Coaching the 21st century athlete is much more complicated than one might imagine. We caught up with Stew Robinson to get his perspective on the politics, athlete behavior and needs of coaches outside of the game
PPD Mag: Do you believe athletes need assistance transitioning when they exhaust their eligibility?
Coach Robinson: Yes. The main reason is that they have been programmed to perform in a certain sport since they began playing competitively. They have strived to reach an ultimate goal in going to college or playing professionally without really looking at other alternatives to making a living. Even if they do achieve their goal, most aren’t prepared to go in to another career for the next phase of their life. For example, in my own experience as a college level athlete, when my eligibility was exhausted there was no counseling from the University for the next phase of where I wanted to go with my life.
I believe if there had been some assistance it would have saved me several years trying to figure out what I ultimately wanted to do and how to go about doing it.
I instead had a variety of jobs I had no passion for and ultimately started my coaching career at a very late age. I would argue the current model is very similar to the model implemented when I competed.
PPD Mag: Do coaches require the same type of assistance when they are fired from a job?
Coach Robinson: Yes, especially the assistant coaches or any head coaches that can’t afford an agent. Having a person in your corner and going through your career with you can really help you plan and be prepared for your next job. This person is able to show you all the options available whether it is another coaching position or any other options that you may be interested in. For myself, being in that position currently, having someone on a daily basis with ideas and connections would be beneficial in helping me land my next coaching position or another job of interest.
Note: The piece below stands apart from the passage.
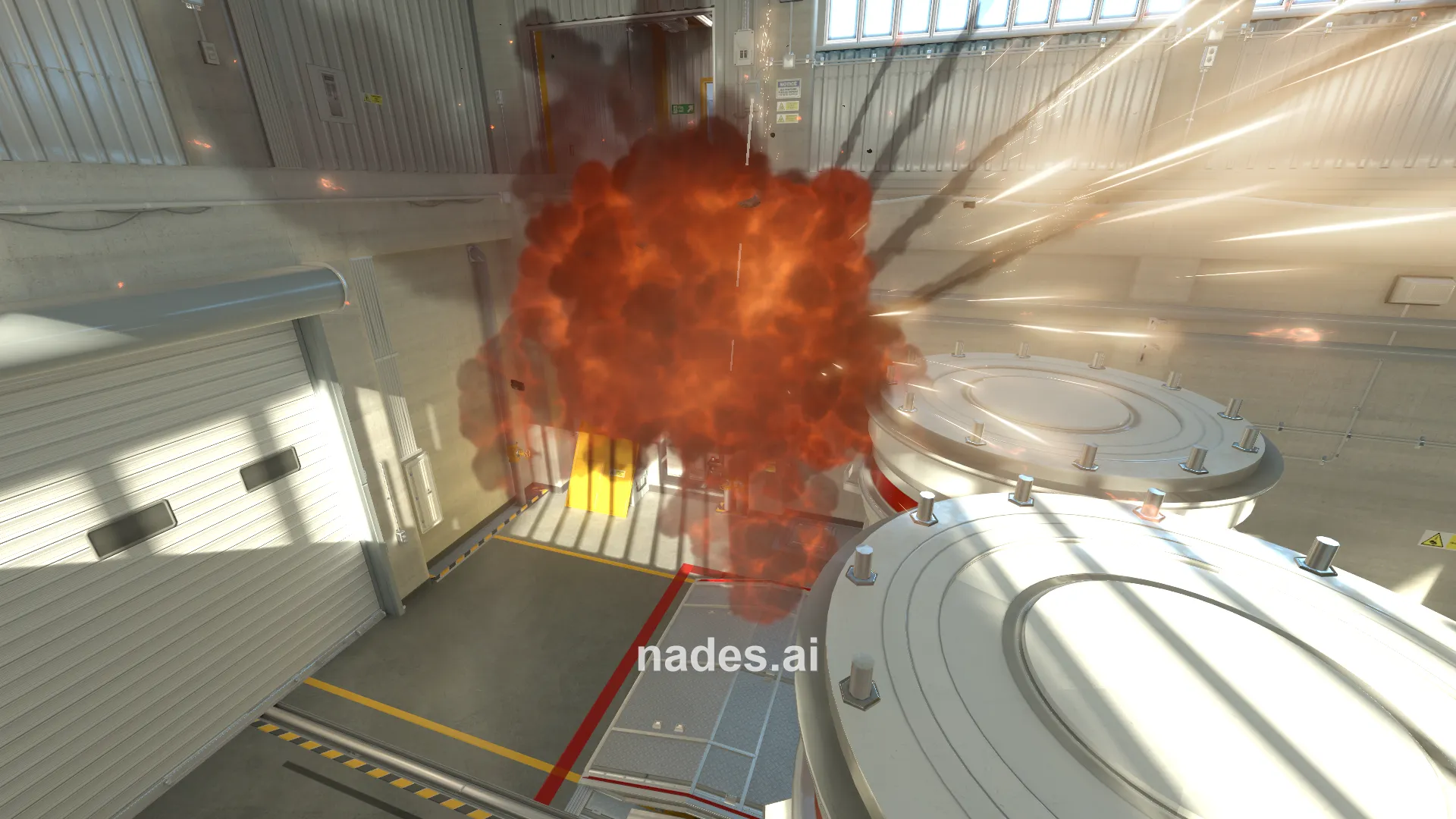 Где граната окажется в итоге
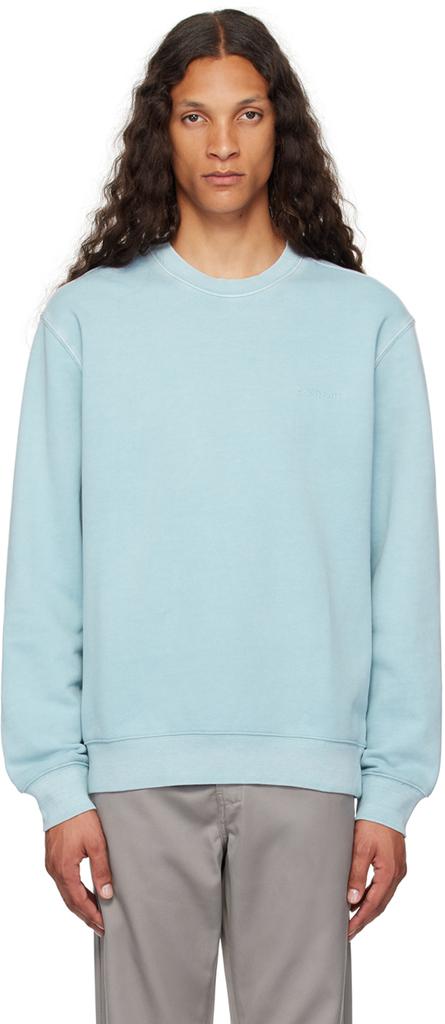 【ALYX】Treated Logo Knit Crew Sweater Alyx Treated Logo Crewneck Sweater Lilac Cotton Oversized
PPD Mag: How much politics are involved in college coaching and is it sometimes a good thing or always bad?
Coach Robinson: There are a lot of politics in college coaching. It is a really good thing when you have a friend in a hiring position that can give you an opportunity over a more qualified person. It can also be bad when you know you are the more qualified candidate and you are looked over due to politics. For example, often times an AAU coach will be given a position they are not qualified for but have a player they will commit to bringing to that particular program.
PPD Mag: Should a personal player development specialist be part of the teams coaching staff?
Coach Robinson: Yes a specialist is needed for every team or at least one individual for every athletic department. It is important they interact with the student athletes on an everyday basis from the time of the arrival to campus to their departure from campus. This helps the specialist get a good understanding of each individual athlete’s interests, skills and personality in order to provide the help needed after graduation. A personal player development specialist is a full time job. The emergence of social media and having to monitoring what each athlete is putting out there is one aspect a specialist should assist athletes with. Student athletes today need individual attention in order to maintain and develop personal growth but also to develop and protect the athlete’s reputation but the university’s reputation as well.